Each year during the St. Patrick’s Day season, McDonald’s brings back that heavenly green minty milkshake called the McCafe Shamrock Shake. These delicious milkshakes are only around for a few short weeks; meanwhile the claims of why you should not drink a Shamrock Shake seem to linger longer and longer each year and are even labeled dangerous by some critics.
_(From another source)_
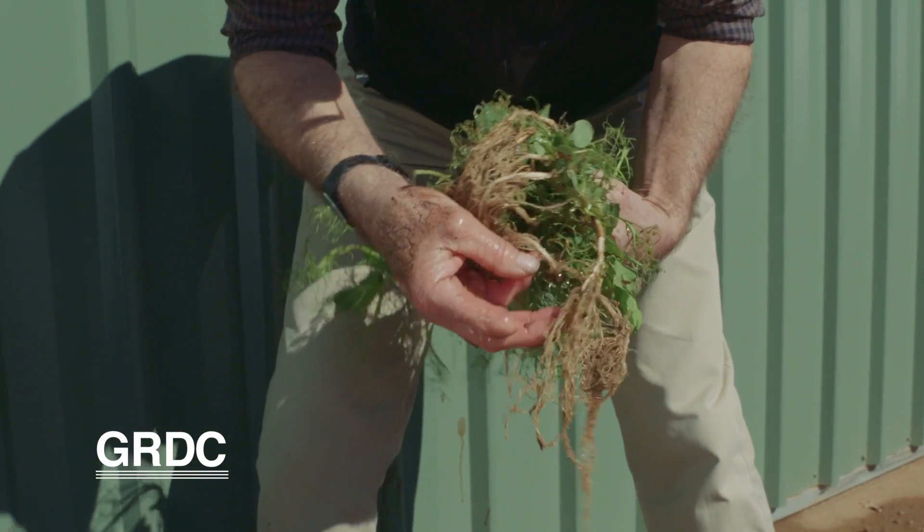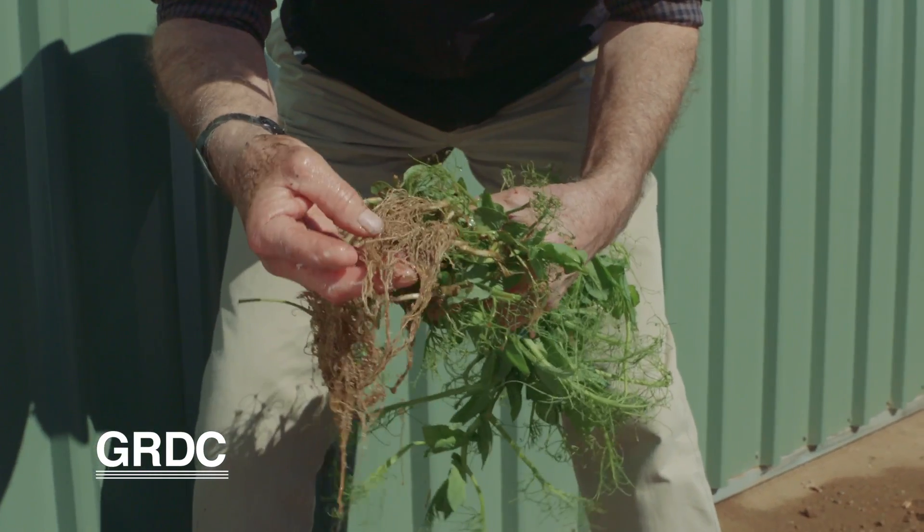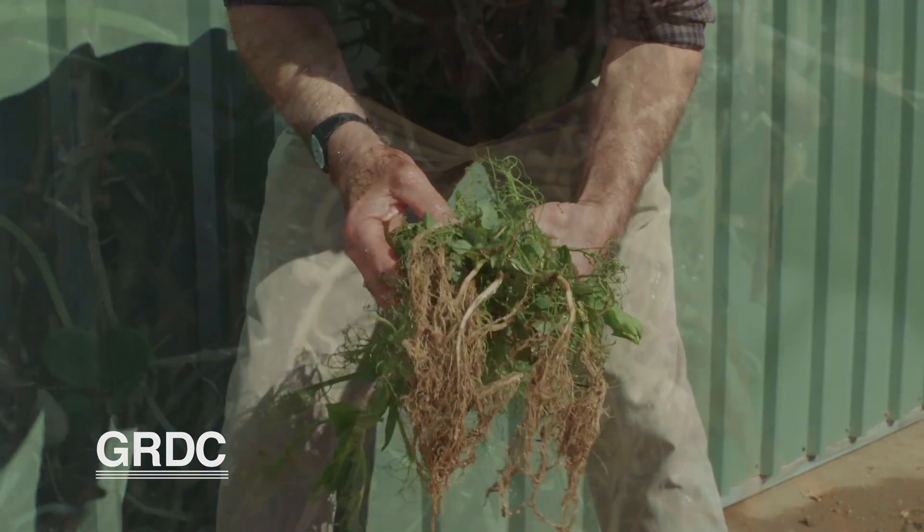We've got an earthworm here too — that's really good. We'll take them over to the ute and we'll have a look.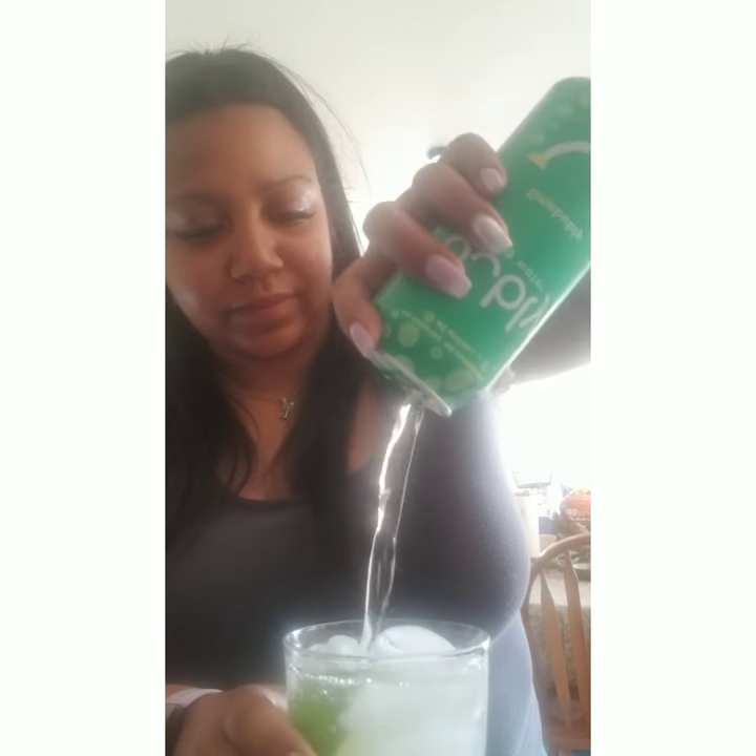Ice inside. You can take out your lime. Leave half a lime inside. Top it with lime bubbly water. And there you have it.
Nutrition wise a Shamrock shake isn’t that bad, for a minty milkshake, in comparison to other milkshakes out there in the fast food industry; with the understanding that you just have one as an annual treat and not three times a day while they are available. One 12-ounce cup of this McCafe special contains the following: 530 calories, 11g protein, 15g fat, 10g saturate fat, 1g trans-fat,86 g carbohydrates, 73g sugar, and 160 mgs sodium. The Shamrock Shake is made with McDonald’s vanilla reduced-fat ice cream, Shamrock Shake syrup and topped with whipped cream and a cherry. Sounds delicious, right?
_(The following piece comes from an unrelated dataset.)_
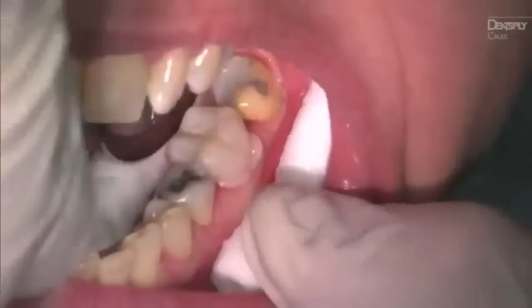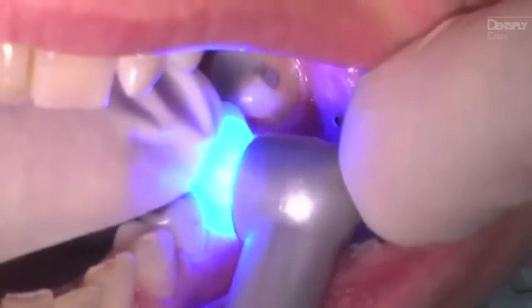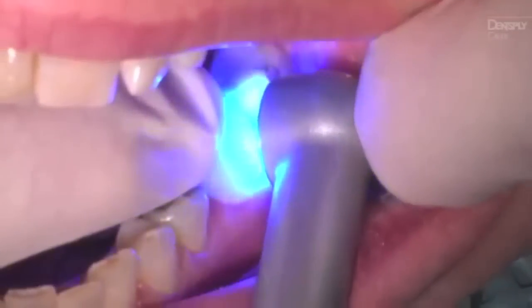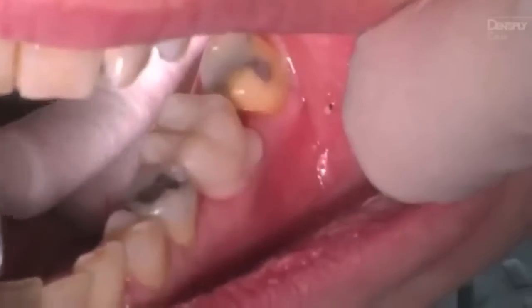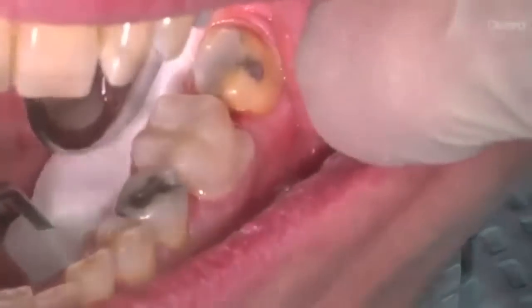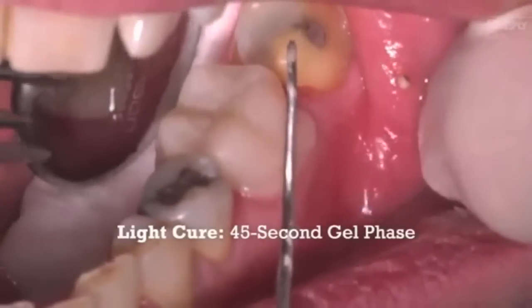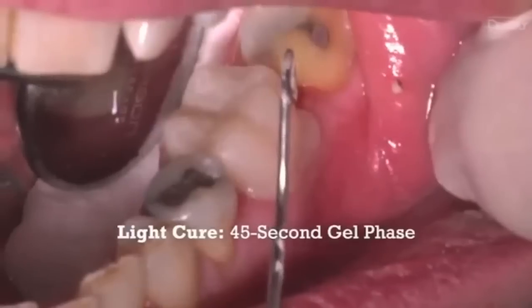After the restoration is seated, it's time to remove marginal excess. For light cure cleanup, cure the excess cement at the margins within the first minute following intraoral insertion. Rotate the curing light tip for no more than 5 seconds per buccal and lingual surfaces. Excess cement will then reach a gelled state, remaining in that gelled state for approximately 45 seconds.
Leprechauns are known to be tricky and deceiving; however the same could be said for this St. Paddy’s Day treat. Considering there are only four ingredients in a Shamrock Shake, with one of them is low fat ice cream, how back can it be? Famous last words!
Here are a few things to remember:
- Reduced fat ice cream doesn’t mean reduced sugar, reduce calories, or fat free
- The whipped cream contains Polysorbate 80. This is an emulsifier that doesn’t have the greatest reputation in the food, vaccine, and cosmetic industries. There are several reasons to avoid this chemical as there are several side effects that you may not even realize are side effects.
- The Shamrock Shake syrup contains: High fructose corn syrup, corn syrup, water, sugar, natural flavor, (plant source), xanthan gum, citric acid, sodium benzoate (preservative), yellow 5 (Banned in Norway and Austria), and blue 1 (Banned in Norway, Finland and France). For a syrup that was designed to flavor a minty milkshake, there doesn’t seem to be much mint in it.
- Even the innocent little maraschino cherry has twelve ingredients including high fructose corn syrup, sodium benzoate (a preservation), red 40, and sulfer dioxide as a preservative which contains sulfites.
Back to the original question, is the Shamrock shake delectably delicious or deceivingly dangerous? The answer is a little bit of both. Look at a big everything on hamburger at any fast food dive. While it has a big hamburger that was probably fried, it also has vegetables on it. As with every food or beverage that we consume, it all boils down to moderation and portion control. So go enjoy a small (12oz) Shamrock Shake while they are available and considerate your special treat for the week; however it should not be your breakfast everyday for a couple weeks.